There are three dangers, as I look back at the war, with which we had to deal in the early days. One was that we might have serious trouble with our own Moslem subjects in the Empire. Another was that the wires which Germany could always pull in Russia might excite suspicion of us there and lead in the early days to most serious consequences. The third was that we might have had serious trouble with the United States. The Government in power in the early days of the war avoided successfully and completely all those three great dangers, any one of which, if it had not been avoided, might have been fatal to our success in the war. I would ask people who read books of this kind, written by a man on the spot, rightly zealous for his own particular job in the war, to bear in mind that everybody committed mistakes in the war. The Germans no less than other people made mistakes in the war. There are many things which it seems to have been a mistake not to do which, had they been done, would have exposed us to one of those great risks which I have indicated.
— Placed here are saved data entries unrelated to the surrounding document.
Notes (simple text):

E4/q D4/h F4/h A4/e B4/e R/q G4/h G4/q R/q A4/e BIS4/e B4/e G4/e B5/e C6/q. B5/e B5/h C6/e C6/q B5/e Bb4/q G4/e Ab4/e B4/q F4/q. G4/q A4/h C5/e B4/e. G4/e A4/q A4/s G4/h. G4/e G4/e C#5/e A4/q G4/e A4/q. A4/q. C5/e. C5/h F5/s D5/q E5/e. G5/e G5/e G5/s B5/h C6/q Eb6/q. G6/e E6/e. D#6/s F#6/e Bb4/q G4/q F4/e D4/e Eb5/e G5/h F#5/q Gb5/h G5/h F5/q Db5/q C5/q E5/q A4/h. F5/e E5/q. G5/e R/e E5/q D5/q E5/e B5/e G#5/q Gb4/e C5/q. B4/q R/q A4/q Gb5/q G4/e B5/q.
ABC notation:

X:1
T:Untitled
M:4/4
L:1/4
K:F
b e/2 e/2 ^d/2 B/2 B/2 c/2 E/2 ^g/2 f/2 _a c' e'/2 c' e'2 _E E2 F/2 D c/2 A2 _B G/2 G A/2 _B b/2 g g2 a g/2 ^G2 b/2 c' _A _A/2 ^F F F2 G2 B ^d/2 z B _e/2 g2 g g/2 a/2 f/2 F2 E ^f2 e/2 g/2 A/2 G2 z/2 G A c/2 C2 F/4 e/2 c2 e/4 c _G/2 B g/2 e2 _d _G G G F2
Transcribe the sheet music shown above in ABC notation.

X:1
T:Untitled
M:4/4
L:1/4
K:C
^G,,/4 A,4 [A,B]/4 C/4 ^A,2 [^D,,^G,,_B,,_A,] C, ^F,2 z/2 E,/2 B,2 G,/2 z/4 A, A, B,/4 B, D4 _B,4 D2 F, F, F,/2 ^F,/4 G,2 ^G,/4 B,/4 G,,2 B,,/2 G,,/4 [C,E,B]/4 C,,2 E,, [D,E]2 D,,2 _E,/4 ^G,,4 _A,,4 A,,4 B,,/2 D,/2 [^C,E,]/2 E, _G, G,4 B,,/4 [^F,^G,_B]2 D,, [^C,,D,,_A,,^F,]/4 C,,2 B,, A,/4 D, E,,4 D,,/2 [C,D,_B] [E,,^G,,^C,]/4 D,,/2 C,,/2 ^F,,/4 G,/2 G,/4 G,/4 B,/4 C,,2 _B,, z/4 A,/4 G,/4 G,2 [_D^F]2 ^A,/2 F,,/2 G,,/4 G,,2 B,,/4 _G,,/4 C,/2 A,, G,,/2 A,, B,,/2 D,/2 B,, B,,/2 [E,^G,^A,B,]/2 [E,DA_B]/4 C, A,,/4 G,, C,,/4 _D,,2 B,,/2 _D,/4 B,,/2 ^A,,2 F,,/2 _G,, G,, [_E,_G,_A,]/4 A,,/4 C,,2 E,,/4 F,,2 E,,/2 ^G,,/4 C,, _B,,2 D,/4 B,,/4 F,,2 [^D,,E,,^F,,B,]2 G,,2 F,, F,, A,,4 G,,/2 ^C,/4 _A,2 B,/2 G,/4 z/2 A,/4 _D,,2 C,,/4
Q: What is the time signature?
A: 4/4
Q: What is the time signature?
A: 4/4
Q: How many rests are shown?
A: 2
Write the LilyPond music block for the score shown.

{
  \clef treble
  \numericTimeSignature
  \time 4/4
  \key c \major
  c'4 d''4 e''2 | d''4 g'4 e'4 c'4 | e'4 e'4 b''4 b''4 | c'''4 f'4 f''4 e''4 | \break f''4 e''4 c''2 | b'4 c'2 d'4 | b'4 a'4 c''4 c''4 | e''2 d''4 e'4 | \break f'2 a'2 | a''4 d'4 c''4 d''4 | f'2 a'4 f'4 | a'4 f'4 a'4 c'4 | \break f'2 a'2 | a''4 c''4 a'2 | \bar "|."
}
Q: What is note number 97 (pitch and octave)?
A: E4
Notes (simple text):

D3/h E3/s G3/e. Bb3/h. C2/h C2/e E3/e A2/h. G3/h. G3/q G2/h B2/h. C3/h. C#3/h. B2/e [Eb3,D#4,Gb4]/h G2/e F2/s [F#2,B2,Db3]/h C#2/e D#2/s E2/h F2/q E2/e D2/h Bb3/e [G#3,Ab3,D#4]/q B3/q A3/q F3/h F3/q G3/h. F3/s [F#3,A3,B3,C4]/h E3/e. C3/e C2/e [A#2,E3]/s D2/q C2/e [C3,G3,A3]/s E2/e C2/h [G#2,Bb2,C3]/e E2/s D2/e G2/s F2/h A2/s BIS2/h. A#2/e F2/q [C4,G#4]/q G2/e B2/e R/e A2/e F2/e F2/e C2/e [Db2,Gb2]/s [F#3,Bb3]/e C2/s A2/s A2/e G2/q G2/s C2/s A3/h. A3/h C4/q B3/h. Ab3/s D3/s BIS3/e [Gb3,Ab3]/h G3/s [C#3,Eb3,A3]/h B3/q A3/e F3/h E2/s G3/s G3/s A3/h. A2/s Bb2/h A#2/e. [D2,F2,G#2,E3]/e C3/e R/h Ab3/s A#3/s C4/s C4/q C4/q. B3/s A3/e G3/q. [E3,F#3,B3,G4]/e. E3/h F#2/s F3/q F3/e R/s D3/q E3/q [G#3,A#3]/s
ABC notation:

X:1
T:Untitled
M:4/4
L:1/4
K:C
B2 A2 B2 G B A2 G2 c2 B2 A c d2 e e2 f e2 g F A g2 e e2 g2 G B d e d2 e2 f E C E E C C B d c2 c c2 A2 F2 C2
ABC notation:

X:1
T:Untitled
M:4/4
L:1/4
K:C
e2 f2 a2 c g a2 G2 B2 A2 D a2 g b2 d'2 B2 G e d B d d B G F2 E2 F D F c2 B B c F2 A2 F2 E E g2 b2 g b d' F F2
Had we made the mistake of doing anything to produce serious trouble of that kind with other countries in the early days of the war it would have been absolutely fatal to the future course of the war from our point of view.

THE EARL OF DENBIGH

My Lords, the remarks which the House has listened to so far seem to me to deal almost entirely with the question of imports into neutral countries of goods from the United States, but one of the strongest indictments which is brought by Admiral Consett in his book is the trading with neutral countries for the benefit of the enemy which went on from our own country. When one looks at the figures which he quotes of imports from our own country—those millions of pounds of cocoa, those large shipments of cotton, and all the other items which go to make up the necessary stores that an army in the field requires, to say nothing of what the population of Germany required at the time—when one realises the immense profits which these brought, to our own people, and when one remembers more particularly also the coal which went abroad in very large quantities, it makes one rather ashamed of some of the profiteers in our own country who made money out of the war while men were being killed. I should like to know from the noble Viscount opposite, or one of the members of the late Government, whether it was not possible to do something to check the trading which went on from cur own shores, and what, steps were taken for the purpose of preventing these goods from reaching the enemy through neutral countries.

LORD SYDENHAM

My Lords, I should like to say only one word in reply to the noble Viscount. Admiral Consett does deal at some length with the difficulties, the great difficulties, that the noble Viscount's Government experienced with the United States, but the whole question seemed to me at the time, and I said so in this House, to be comprised in this—that all we had to do was to follow precisely and in detail the policy which the Northern States adopted towards the Southern States in the Civil War. I think the noble Viscount will remember that the whole cotton crop of the United States for the year was offered to us, and was offered to us at a, pries which would have been extraordinarily profitable if we had bought it. Moreover, had we done that it would have prevented the Germans from making an enormous amount of explosives.